Re: [PATCH -v3 00/10] THP swap: Delay splitting THP during swapping out

"Huang\, Ying" <ying.huang@xxxxxxxxx> · Sun, 18 Sep 2016 09:53:39 +0800

Minchan Kim <minchan@xxxxxxxxxx> writes:

> On Tue, Sep 13, 2016 at 04:53:49PM +0800, Huang, Ying wrote:
>> Minchan Kim <minchan@xxxxxxxxxx> writes:
>> > On Tue, Sep 13, 2016 at 02:40:00PM +0800, Huang, Ying wrote:
>> >> Minchan Kim <minchan@xxxxxxxxxx> writes:
>> >> 
>> >> > Hi Huang,
>> >> >
>> >> > On Fri, Sep 09, 2016 at 01:35:12PM -0700, Huang, Ying wrote:
>> >> >
>> >> > < snip >
>> >> >
>> >> >> >> Recently, the performance of the storage devices improved so fast that
>> >> >> >> we cannot saturate the disk bandwidth when do page swap out even on a
>> >> >> >> high-end server machine.  Because the performance of the storage
>> >> >> >> device improved faster than that of CPU.  And it seems that the trend
>> >> >> >> will not change in the near future.  On the other hand, the THP
>> >> >> >> becomes more and more popular because of increased memory size.  So it
>> >> >> >> becomes necessary to optimize THP swap performance.
>> >> >> >> 
>> >> >> >> The advantages of the THP swap support include:
>> >> >> >> 
>> >> >> >> - Batch the swap operations for the THP to reduce lock
>> >> >> >>   acquiring/releasing, including allocating/freeing the swap space,
>> >> >> >>   adding/deleting to/from the swap cache, and writing/reading the swap
>> >> >> >>   space, etc.  This will help improve the performance of the THP swap.
>> >> >> >> 
>> >> >> >> - The THP swap space read/write will be 2M sequential IO.  It is
>> >> >> >>   particularly helpful for the swap read, which usually are 4k random
>> >> >> >>   IO.  This will improve the performance of the THP swap too.
>> >> >> >> 
>> >> >> >> - It will help the memory fragmentation, especially when the THP is
>> >> >> >>   heavily used by the applications.  The 2M continuous pages will be
>> >> >> >>   free up after THP swapping out.
>> >> >> >
>> >> >> > I just read patchset right now and still doubt why the all changes
>> >> >> > should be coupled with THP tightly. Many parts(e.g., you introduced
>> >> >> > or modifying existing functions for making them THP specific) could
>> >> >> > just take page_list and the number of pages then would handle them
>> >> >> > without THP awareness.
>> >> >> 
>> >> >> I am glad if my change could help normal pages swapping too.  And we can
>> >> >> change these functions to work for normal pages when necessary.
>> >> >
>> >> > Sure but it would be less painful that THP awareness swapout is
>> >> > based on multiple normal pages swapout. For exmaple, we don't
>> >> > touch delay THP split part(i.e., split a THP into 512 pages like
>> >> > as-is) and enhances swapout further like Tim's suggestion
>> >> > for mulitple normal pages swapout. With that, it might be enough
>> >> > for fast-storage without needing THP awareness.
>> >> >
>> >> > My *point* is let's approach step by step.

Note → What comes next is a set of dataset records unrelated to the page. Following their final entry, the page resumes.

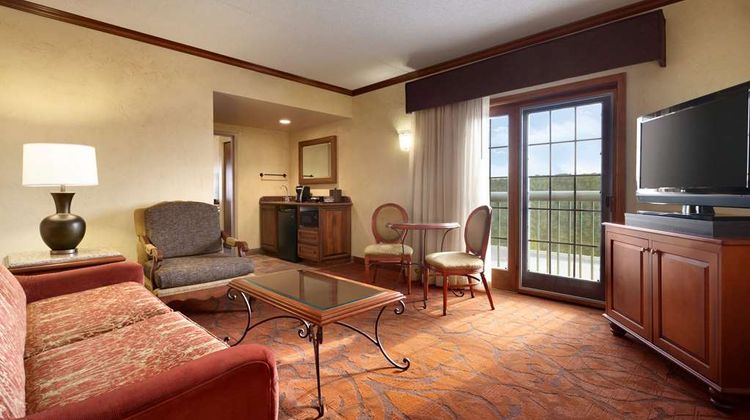 Chateau on the Lake Resort & Spa Room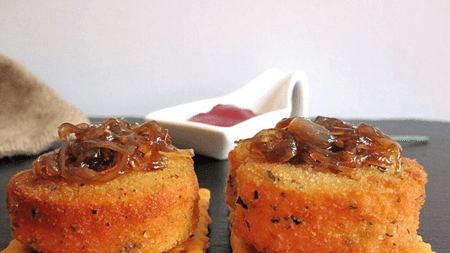 tapas de queso con cebolla caramelizada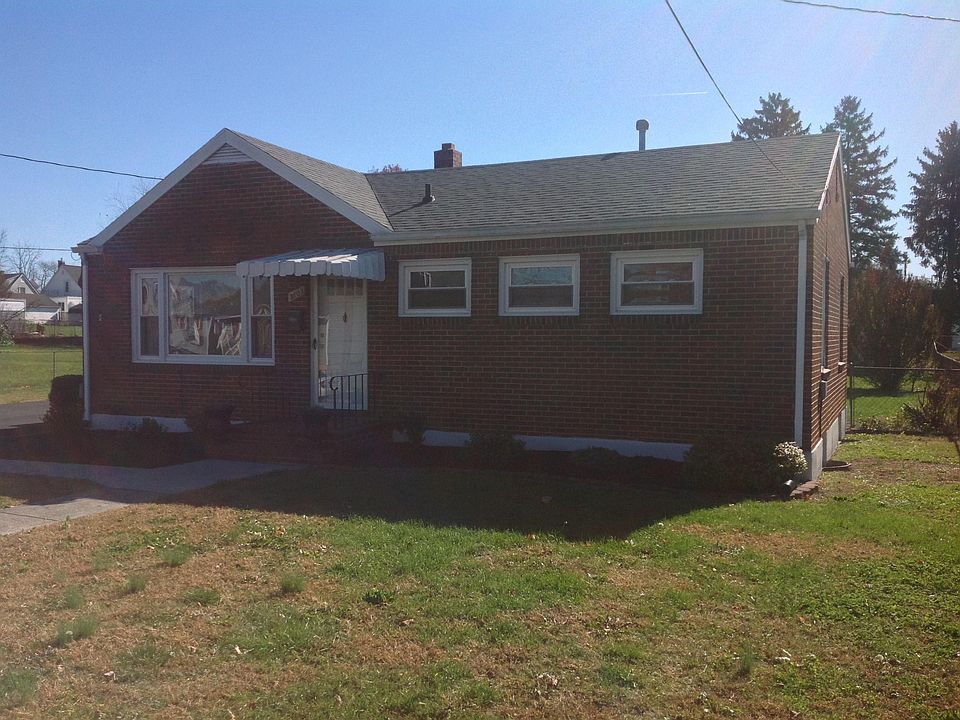 1st image of 3105 Oaklawn Ave NW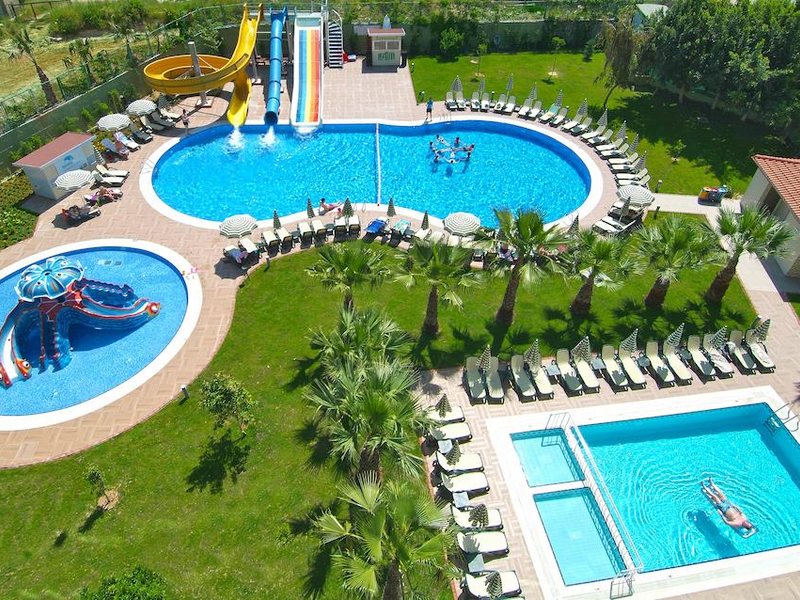 Gardenia Beach 195330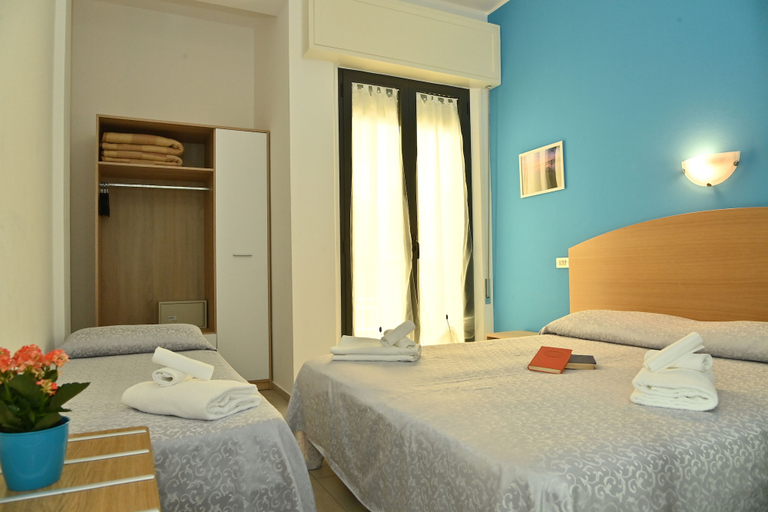 Bedroom 3, Hotel Italy, Rimini
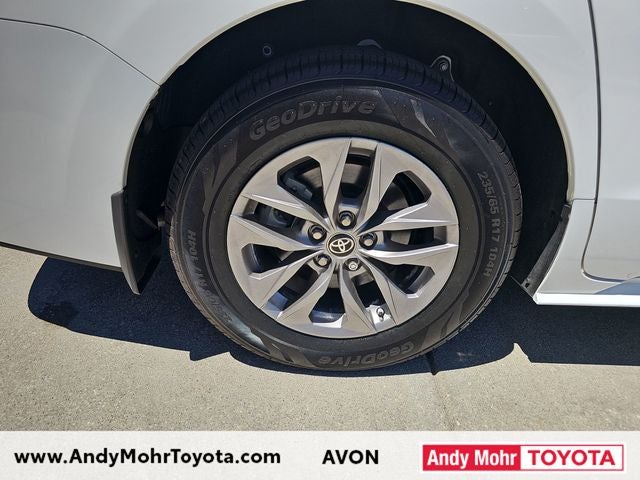 2021 Toyota Sienna LE 8 Passenger
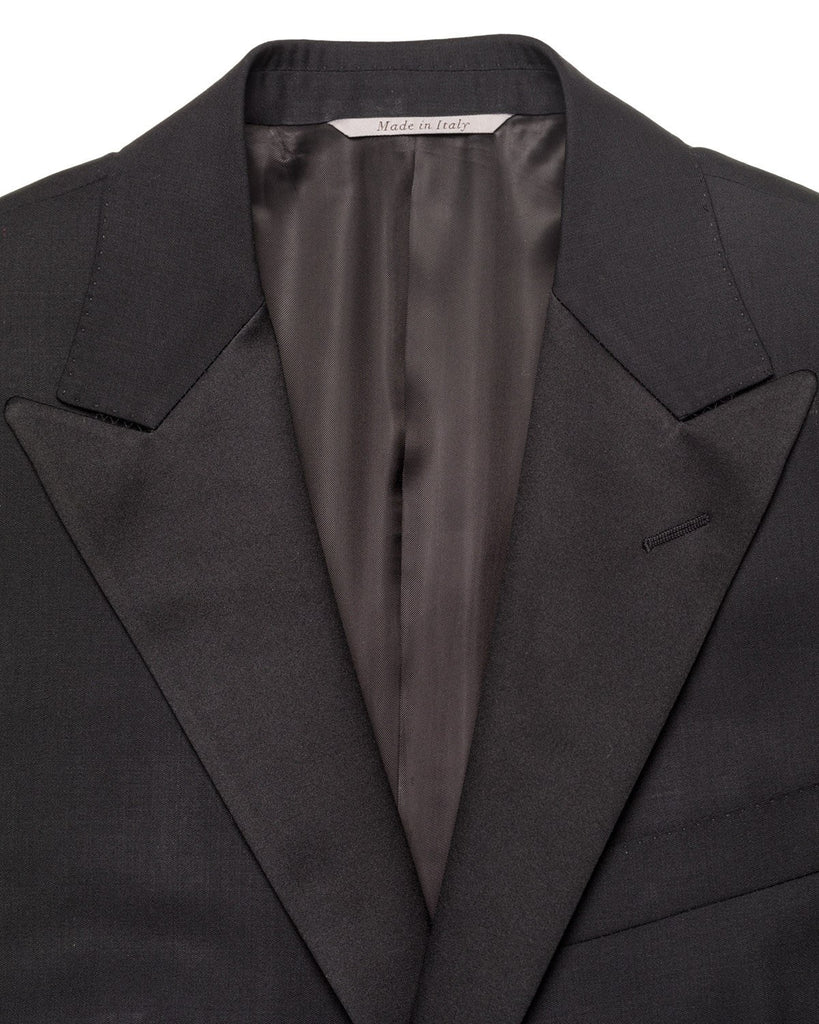 Smoking, Black Tie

>> >> > First of all, go with batching normal pages swapout and if it's
>> >> > not enough, dive into further optimization like introducing
>> >> > THP-aware swapout.
>> >> >
>> >> > I believe it's natural development process to evolve things
>> >> > without over-engineering.
>> >> 
>> >> My target is not only the THP swap out acceleration, but also the full
>> >> THP swap out/in support without splitting THP.  This patchset is just
>> >> the first step of the full THP swap support.
>> >> 
>> >> >> > For example, if the nr_pages is larger than SWAPFILE_CLUSTER, we
>> >> >> > can try to allocate new cluster. With that, we could allocate new
>> >> >> > clusters to meet nr_pages requested or bail out if we fail to allocate
>> >> >> > and fallback to 0-order page swapout. With that, swap layer could
>> >> >> > support multiple order-0 pages by batch.
>> >> >> >
>> >> >> > IMO, I really want to land Tim Chen's batching swapout work first.

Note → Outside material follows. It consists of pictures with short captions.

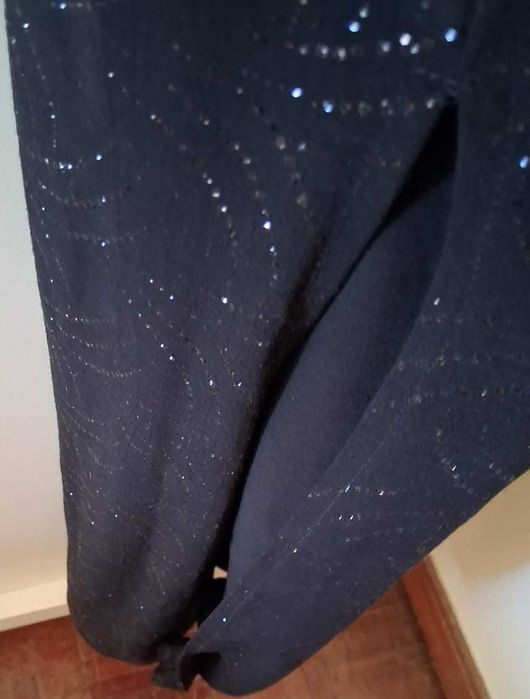 Vestido preto com brilho para festas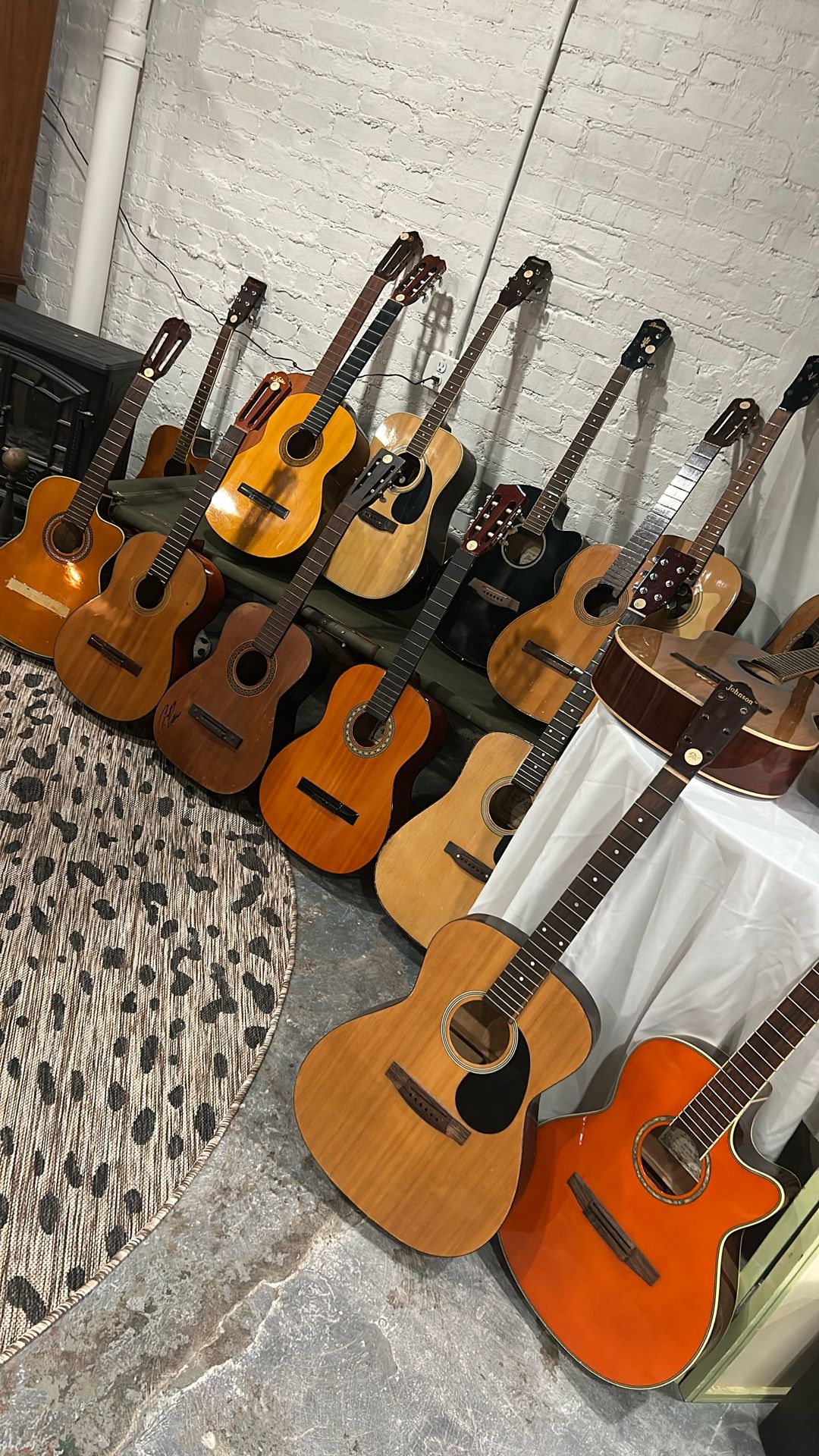 Fantastic Selection Of Guitars For Restoration On Guitars Made Parts, Variety Of Prices Andbrands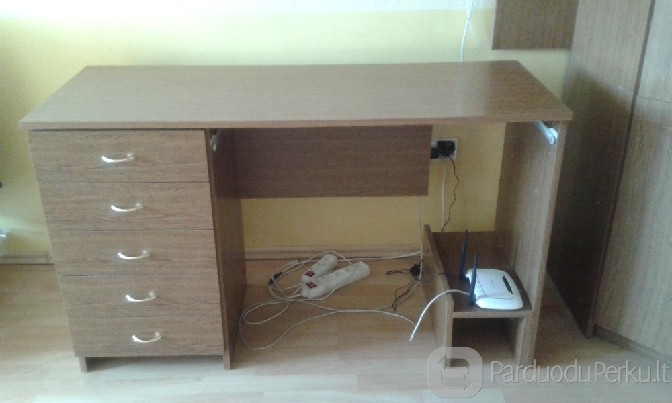 parduodu rašomąjį stalą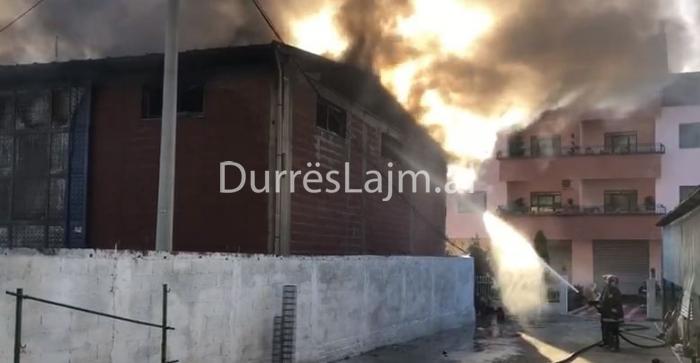 Zjarrfikësit “në luftë” me flakët, pamje nga zjarri i madh në Shijak (VIDEO)
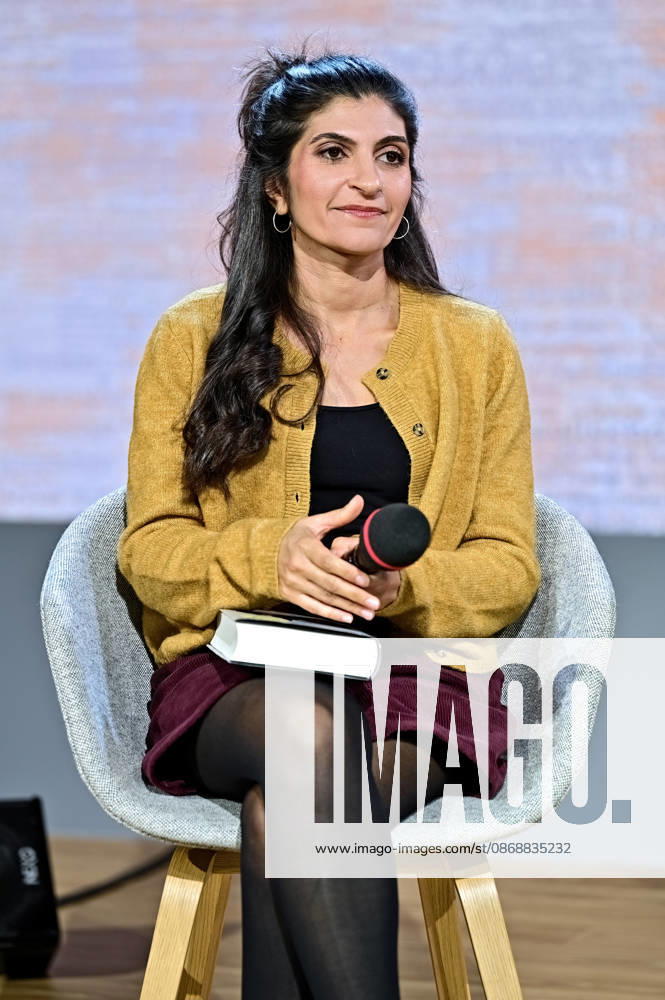 Frankfurter Buchmesse 2026. Schriftstellerin Shida Bazyar ( Gewinnerin Deutscher Buchpreis 2026 ) am 07.10.2026 auf der Frankfurter Buchmesse. 20261007MWI151681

>> >> >> > With Tim Chen's work, I expect we can make better refactoring
>> >> >> > for batching swap before adding more confuse to the swap layer.
>> >> >> > (I expect it would share several pieces of code for or would be base
>> >> >> > for batching allocation of swapcache, swapslot)
>> >> >> 
>> >> >> I don't think there is hard conflict between normal pages swapping
>> >> >> optimizing and THP swap optimizing.  Some code may be shared between
>> >> >> them.  That is good for both sides.
>> >> >> 
>> >> >> > After that, we could enhance swap for big contiguous batching
>> >> >> > like THP and finally we might make it be aware of THP specific to
>> >> >> > enhance further.
>> >> >> >
>> >> >> > A thing I remember you aruged: you want to swapin 512 pages
>> >> >> > all at once unconditionally. It's really worth to discuss if
>> >> >> > your design is going for the way.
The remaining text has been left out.